**Source data:**
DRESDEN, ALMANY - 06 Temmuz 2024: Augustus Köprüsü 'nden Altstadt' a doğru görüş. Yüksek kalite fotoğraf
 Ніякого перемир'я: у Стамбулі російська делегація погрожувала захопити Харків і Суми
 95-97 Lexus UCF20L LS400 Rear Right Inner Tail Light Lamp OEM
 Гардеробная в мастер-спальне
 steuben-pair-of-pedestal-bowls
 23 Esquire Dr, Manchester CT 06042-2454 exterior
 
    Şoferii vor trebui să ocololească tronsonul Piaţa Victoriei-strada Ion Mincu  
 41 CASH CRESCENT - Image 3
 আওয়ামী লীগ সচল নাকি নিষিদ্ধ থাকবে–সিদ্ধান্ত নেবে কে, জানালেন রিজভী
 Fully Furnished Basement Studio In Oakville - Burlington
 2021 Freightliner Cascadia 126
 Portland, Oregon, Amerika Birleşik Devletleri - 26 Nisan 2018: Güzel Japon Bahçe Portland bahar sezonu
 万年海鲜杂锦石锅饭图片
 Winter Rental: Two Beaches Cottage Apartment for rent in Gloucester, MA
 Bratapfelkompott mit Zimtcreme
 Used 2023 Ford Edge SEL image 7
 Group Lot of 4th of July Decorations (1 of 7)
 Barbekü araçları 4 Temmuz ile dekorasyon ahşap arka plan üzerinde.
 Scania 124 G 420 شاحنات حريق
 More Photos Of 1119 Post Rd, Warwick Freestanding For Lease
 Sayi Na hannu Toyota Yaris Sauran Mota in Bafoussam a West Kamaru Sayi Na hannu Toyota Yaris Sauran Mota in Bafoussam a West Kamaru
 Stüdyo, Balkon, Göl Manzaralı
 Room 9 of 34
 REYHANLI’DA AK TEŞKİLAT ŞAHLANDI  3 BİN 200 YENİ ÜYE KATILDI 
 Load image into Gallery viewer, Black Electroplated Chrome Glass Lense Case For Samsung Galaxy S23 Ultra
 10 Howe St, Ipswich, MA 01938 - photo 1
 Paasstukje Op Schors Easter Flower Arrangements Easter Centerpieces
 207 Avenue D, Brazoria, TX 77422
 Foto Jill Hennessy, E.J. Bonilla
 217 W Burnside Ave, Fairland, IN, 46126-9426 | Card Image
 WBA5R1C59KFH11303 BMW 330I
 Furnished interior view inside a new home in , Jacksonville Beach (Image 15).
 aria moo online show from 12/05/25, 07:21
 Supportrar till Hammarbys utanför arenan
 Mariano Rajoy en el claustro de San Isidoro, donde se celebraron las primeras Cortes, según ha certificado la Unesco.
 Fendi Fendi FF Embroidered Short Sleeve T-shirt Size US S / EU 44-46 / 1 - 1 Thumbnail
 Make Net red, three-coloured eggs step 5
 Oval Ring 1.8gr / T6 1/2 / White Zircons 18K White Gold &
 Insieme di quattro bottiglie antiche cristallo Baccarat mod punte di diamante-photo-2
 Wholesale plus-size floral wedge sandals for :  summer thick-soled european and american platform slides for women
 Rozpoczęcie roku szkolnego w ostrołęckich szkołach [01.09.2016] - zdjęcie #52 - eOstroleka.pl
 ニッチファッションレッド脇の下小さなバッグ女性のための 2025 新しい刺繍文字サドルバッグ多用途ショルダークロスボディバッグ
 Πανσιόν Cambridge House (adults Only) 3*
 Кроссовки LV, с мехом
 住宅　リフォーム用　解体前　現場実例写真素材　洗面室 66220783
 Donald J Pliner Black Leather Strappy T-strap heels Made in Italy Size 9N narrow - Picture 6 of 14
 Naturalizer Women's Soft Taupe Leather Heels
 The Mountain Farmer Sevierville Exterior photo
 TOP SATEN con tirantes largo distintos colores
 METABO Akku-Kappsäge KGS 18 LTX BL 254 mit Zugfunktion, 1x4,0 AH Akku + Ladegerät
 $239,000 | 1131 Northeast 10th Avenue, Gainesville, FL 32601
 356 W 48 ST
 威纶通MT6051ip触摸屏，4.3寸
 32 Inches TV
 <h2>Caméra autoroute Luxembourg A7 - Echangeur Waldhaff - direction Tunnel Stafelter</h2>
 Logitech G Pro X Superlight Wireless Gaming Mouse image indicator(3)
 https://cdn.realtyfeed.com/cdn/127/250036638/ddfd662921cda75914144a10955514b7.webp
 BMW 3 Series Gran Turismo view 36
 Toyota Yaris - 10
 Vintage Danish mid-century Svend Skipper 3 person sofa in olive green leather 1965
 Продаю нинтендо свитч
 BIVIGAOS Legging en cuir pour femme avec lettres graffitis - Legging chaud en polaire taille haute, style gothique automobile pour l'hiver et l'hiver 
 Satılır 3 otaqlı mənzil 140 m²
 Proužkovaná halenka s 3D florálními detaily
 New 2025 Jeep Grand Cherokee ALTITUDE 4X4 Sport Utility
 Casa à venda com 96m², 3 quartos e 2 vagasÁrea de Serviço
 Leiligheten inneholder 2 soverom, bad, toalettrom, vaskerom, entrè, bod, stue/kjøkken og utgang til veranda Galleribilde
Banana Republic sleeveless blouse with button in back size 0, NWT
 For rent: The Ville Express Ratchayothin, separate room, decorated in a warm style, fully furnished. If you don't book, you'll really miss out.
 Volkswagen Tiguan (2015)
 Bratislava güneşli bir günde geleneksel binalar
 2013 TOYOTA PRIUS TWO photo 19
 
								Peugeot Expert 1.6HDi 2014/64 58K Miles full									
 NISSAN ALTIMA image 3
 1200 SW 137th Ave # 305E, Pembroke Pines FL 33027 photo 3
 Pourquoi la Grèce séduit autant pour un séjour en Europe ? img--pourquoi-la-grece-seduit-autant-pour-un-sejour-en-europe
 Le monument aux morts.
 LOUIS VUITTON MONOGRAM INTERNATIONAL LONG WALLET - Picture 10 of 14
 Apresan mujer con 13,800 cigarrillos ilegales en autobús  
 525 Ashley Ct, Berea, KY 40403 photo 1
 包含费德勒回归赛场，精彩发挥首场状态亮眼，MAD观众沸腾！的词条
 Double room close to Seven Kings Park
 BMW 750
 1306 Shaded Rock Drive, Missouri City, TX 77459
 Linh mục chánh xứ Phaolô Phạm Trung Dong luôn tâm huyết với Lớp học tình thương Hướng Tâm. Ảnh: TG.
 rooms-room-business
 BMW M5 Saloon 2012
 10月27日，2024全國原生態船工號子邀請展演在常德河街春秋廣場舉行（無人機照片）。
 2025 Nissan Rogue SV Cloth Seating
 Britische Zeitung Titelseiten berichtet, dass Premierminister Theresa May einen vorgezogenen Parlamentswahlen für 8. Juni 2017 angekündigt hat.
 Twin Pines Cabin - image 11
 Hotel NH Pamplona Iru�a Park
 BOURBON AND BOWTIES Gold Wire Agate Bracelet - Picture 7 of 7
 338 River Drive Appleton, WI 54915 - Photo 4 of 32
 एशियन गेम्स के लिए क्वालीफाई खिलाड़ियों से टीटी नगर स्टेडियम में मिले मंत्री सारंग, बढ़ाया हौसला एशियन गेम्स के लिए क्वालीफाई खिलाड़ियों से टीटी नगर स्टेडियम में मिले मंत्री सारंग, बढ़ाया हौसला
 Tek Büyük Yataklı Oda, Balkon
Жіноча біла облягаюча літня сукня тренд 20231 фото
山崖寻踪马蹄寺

**Problem to work on:** Full transcription, please: every entry, exactly as written.

**Task output:**
DRESDEN, ALMANY - 06 Temmuz 2024: Augustus Köprüsü 'nden Altstadt' a doğru görüş. Yüksek kalite fotoğraf
 Ніякого перемир'я: у Стамбулі російська делегація погрожувала захопити Харків і Суми
 95-97 Lexus UCF20L LS400 Rear Right Inner Tail Light Lamp OEM
 Гардеробная в мастер-спальне
 steuben-pair-of-pedestal-bowls
 23 Esquire Dr, Manchester CT 06042-2454 exterior
 
    Şoferii vor trebui să ocololească tronsonul Piaţa Victoriei-strada Ion Mincu  
 41 CASH CRESCENT - Image 3
 আওয়ামী লীগ সচল নাকি নিষিদ্ধ থাকবে–সিদ্ধান্ত নেবে কে, জানালেন রিজভী
 Fully Furnished Basement Studio In Oakville - Burlington
 2021 Freightliner Cascadia 126
 Portland, Oregon, Amerika Birleşik Devletleri - 26 Nisan 2018: Güzel Japon Bahçe Portland bahar sezonu
 万年海鲜杂锦石锅饭图片
 Winter Rental: Two Beaches Cottage Apartment for rent in Gloucester, MA
 Bratapfelkompott mit Zimtcreme
 Used 2023 Ford Edge SEL image 7
 Group Lot of 4th of July Decorations (1 of 7)
 Barbekü araçları 4 Temmuz ile dekorasyon ahşap arka plan üzerinde.
 Scania 124 G 420 شاحنات حريق
 More Photos Of 1119 Post Rd, Warwick Freestanding For Lease
 Sayi Na hannu Toyota Yaris Sauran Mota in Bafoussam a West Kamaru Sayi Na hannu Toyota Yaris Sauran Mota in Bafoussam a West Kamaru
 Stüdyo, Balkon, Göl Manzaralı
 Room 9 of 34
 REYHANLI’DA AK TEŞKİLAT ŞAHLANDI  3 BİN 200 YENİ ÜYE KATILDI 
 Load image into Gallery viewer, Black Electroplated Chrome Glass Lense Case For Samsung Galaxy S23 Ultra
 10 Howe St, Ipswich, MA 01938 - photo 1
 Paasstukje Op Schors Easter Flower Arrangements Easter Centerpieces
 207 Avenue D, Brazoria, TX 77422
 Foto Jill Hennessy, E.J. Bonilla
 217 W Burnside Ave, Fairland, IN, 46126-9426 | Card Image
 WBA5R1C59KFH11303 BMW 330I
 Furnished interior view inside a new home in , Jacksonville Beach (Image 15).
 aria moo online show from 12/05/25, 07:21
 Supportrar till Hammarbys utanför arenan
 Mariano Rajoy en el claustro de San Isidoro, donde se celebraron las primeras Cortes, según ha certificado la Unesco.
 Fendi Fendi FF Embroidered Short Sleeve T-shirt Size US S / EU 44-46 / 1 - 1 Thumbnail
 Make Net red, three-coloured eggs step 5
 Oval Ring 1.8gr / T6 1/2 / White Zircons 18K White Gold &
 Insieme di quattro bottiglie antiche cristallo Baccarat mod punte di diamante-photo-2
 Wholesale plus-size floral wedge sandals for :  summer thick-soled european and american platform slides for women
 Rozpoczęcie roku szkolnego w ostrołęckich szkołach [01.09.2016] - zdjęcie #52 - eOstroleka.pl
 ニッチファッションレッド脇の下小さなバッグ女性のための 2025 新しい刺繍文字サドルバッグ多用途ショルダークロスボディバッグ
 Πανσιόν Cambridge House (adults Only) 3*
 Кроссовки LV, с мехом
 住宅　リフォーム用　解体前　現場実例写真素材　洗面室 66220783
 Donald J Pliner Black Leather Strappy T-strap heels Made in Italy Size 9N narrow - Picture 6 of 14
 Naturalizer Women's Soft Taupe Leather Heels
 The Mountain Farmer Sevierville Exterior photo
 TOP SATEN con tirantes largo distintos colores
 METABO Akku-Kappsäge KGS 18 LTX BL 254 mit Zugfunktion, 1x4,0 AH Akku + Ladegerät
 $239,000 | 1131 Northeast 10th Avenue, Gainesville, FL 32601
 356 W 48 ST
 威纶通MT6051ip触摸屏，4.3寸
 32 Inches TV
 <h2>Caméra autoroute Luxembourg A7 - Echangeur Waldhaff - direction Tunnel Stafelter</h2>
 Logitech G Pro X Superlight Wireless Gaming Mouse image indicator(3)
 https://cdn.realtyfeed.com/cdn/127/250036638/ddfd662921cda75914144a10955514b7.webp
 BMW 3 Series Gran Turismo view 36
 Toyota Yaris - 10
 Vintage Danish mid-century Svend Skipper 3 person sofa in olive green leather 1965
 Продаю нинтендо свитч
 BIVIGAOS Legging en cuir pour femme avec lettres graffitis - Legging chaud en polaire taille haute, style gothique automobile pour l'hiver et l'hiver 
 Satılır 3 otaqlı mənzil 140 m²
 Proužkovaná halenka s 3D florálními detaily
 New 2025 Jeep Grand Cherokee ALTITUDE 4X4 Sport Utility
 Casa à venda com 96m², 3 quartos e 2 vagasÁrea de Serviço
 Leiligheten inneholder 2 soverom, bad, toalettrom, vaskerom, entrè, bod, stue/kjøkken og utgang til veranda Galleribilde
Banana Republic sleeveless blouse with button in back size 0, NWT
 For rent: The Ville Express Ratchayothin, separate room, decorated in a warm style, fully furnished. If you don't book, you'll really miss out.
 Volkswagen Tiguan (2015)
 Bratislava güneşli bir günde geleneksel binalar
 2013 TOYOTA PRIUS TWO photo 19
 
								Peugeot Expert 1.6HDi 2014/64 58K Miles full									
 NISSAN ALTIMA image 3
 1200 SW 137th Ave # 305E, Pembroke Pines FL 33027 photo 3
 Pourquoi la Grèce séduit autant pour un séjour en Europe ? img--pourquoi-la-grece-seduit-autant-pour-un-sejour-en-europe
 Le monument aux morts.
 LOUIS VUITTON MONOGRAM INTERNATIONAL LONG WALLET - Picture 10 of 14
 Apresan mujer con 13,800 cigarrillos ilegales en autobús  
 525 Ashley Ct, Berea, KY 40403 photo 1
 包含费德勒回归赛场，精彩发挥首场状态亮眼，MAD观众沸腾！的词条
 Double room close to Seven Kings Park
 BMW 750
 1306 Shaded Rock Drive, Missouri City, TX 77459
 Linh mục chánh xứ Phaolô Phạm Trung Dong luôn tâm huyết với Lớp học tình thương Hướng Tâm. Ảnh: TG.
 rooms-room-business
 BMW M5 Saloon 2012
 10月27日，2024全國原生態船工號子邀請展演在常德河街春秋廣場舉行（無人機照片）。
 2025 Nissan Rogue SV Cloth Seating
 Britische Zeitung Titelseiten berichtet, dass Premierminister Theresa May einen vorgezogenen Parlamentswahlen für 8. Juni 2017 angekündigt hat.
 Twin Pines Cabin - image 11
 Hotel NH Pamplona Iru�a Park
 BOURBON AND BOWTIES Gold Wire Agate Bracelet - Picture 7 of 7
 338 River Drive Appleton, WI 54915 - Photo 4 of 32
 एशियन गेम्स के लिए क्वालीफाई खिलाड़ियों से टीटी नगर स्टेडियम में मिले मंत्री सारंग, बढ़ाया हौसला एशियन गेम्स के लिए क्वालीफाई खिलाड़ियों से टीटी नगर स्टेडियम में मिले मंत्री सारंग, बढ़ाया हौसला
 Tek Büyük Yataklı Oda, Balkon
Жіноча біла облягаюча літня сукня тренд 20231 фото
山崖寻踪马蹄寺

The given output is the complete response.